This email did the same work as the proof stack in a long-form sales page — it provided third-party evidence that the program delivers measurable results for real people. The specificity was critical. Vague testimonials ("This program changed my life!") do nothing for a $1,997 purchase. Specific results with concrete numbers build the confidence needed for high-ticket conversion.
Open rate: 36.4%. Revenue: $203,000 (102 sales). This was the highest single-day revenue of the launch, driven by the proof power of a detailed case study.
Email 11 (Day 2, Evening): The Behind-the-Scenes Email
A shorter, more personal email from the client that showed what went into building the program — the 14 months of development, the beta testing with 23 students, the curriculum refinements based on real feedback. This email was about building trust through transparency.
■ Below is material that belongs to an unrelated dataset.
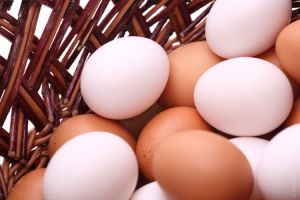 Польза и вред яйца для кожи лица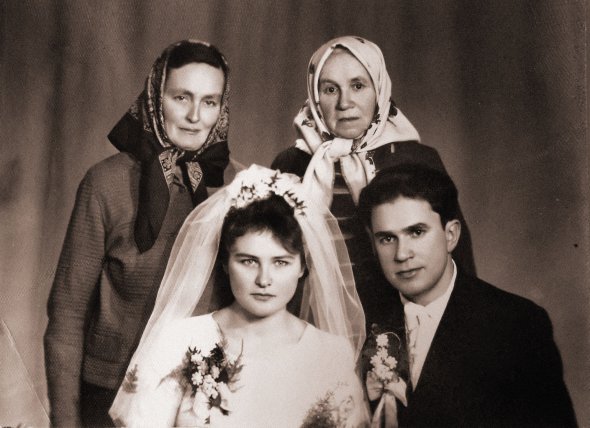 Марія і Ярослав Калакури побралися в січні 1964 року в Коломиї на Івано-Франківщині. За молодими стоять їхні матері – Мокрина Іванівна (ліворуч) та Февронія Лук'янівна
Open rate: 31.2%. Revenue: $93,000 (47 sales).
Email 12 (Day 3): The Objection-Handling Email
This email directly addressed the two remaining objections that audience research had identified: "What if I do not have enough experience yet?" and "How is this different from the other certifications available?" Each objection was addressed with a combination of logical argument and emotional proof (stories from students who had the same concern and acted anyway).
Objection handling in email follows the same principles I use in conversion copywriting across every format. Name the objection explicitly. Validate it. Then reframe it with evidence.
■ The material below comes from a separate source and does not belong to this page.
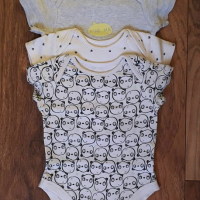 Два комплект блуза с клин + подарък бодита, снимка 6 - Комплекти за бебе - 39295293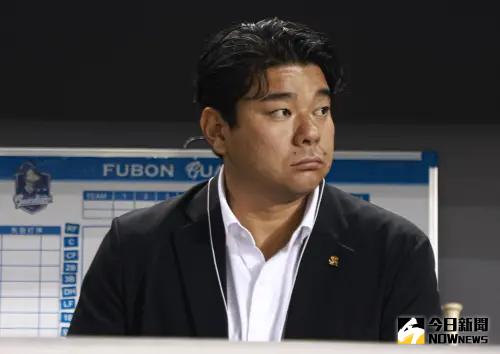 ▲日職軟銀鷹CBO輔佐牧田恭平來台觀看味全龍隊投手徐若熙的比賽。（圖／記者葉政勳攝 ,2025.06.12）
Open rate: 33.7%. Revenue: $159,000 (80 sales).
Email 13 (Day 4): The Social Proof Avalanche
An email compiling real-time social proof from the launch: screenshots of student messages, enrollment milestone announcements, and quotes from practitioners who had just enrolled explaining why they made the decision. Social proof during a live launch creates a bandwagon effect — seeing others take action makes the decision feel safer and more validated.
Open rate: 32.1%. Revenue: $127,000 (64 sales).
Email 14 (Day 4, Evening): The 24-Hour Warning
The urgency phase began here. This email stated plainly that the cart would close in 24 hours and would not reopen for at least six months. It restated the core value proposition in a single paragraph, reminded subscribers of the payment plan option, and included a direct link to the order page.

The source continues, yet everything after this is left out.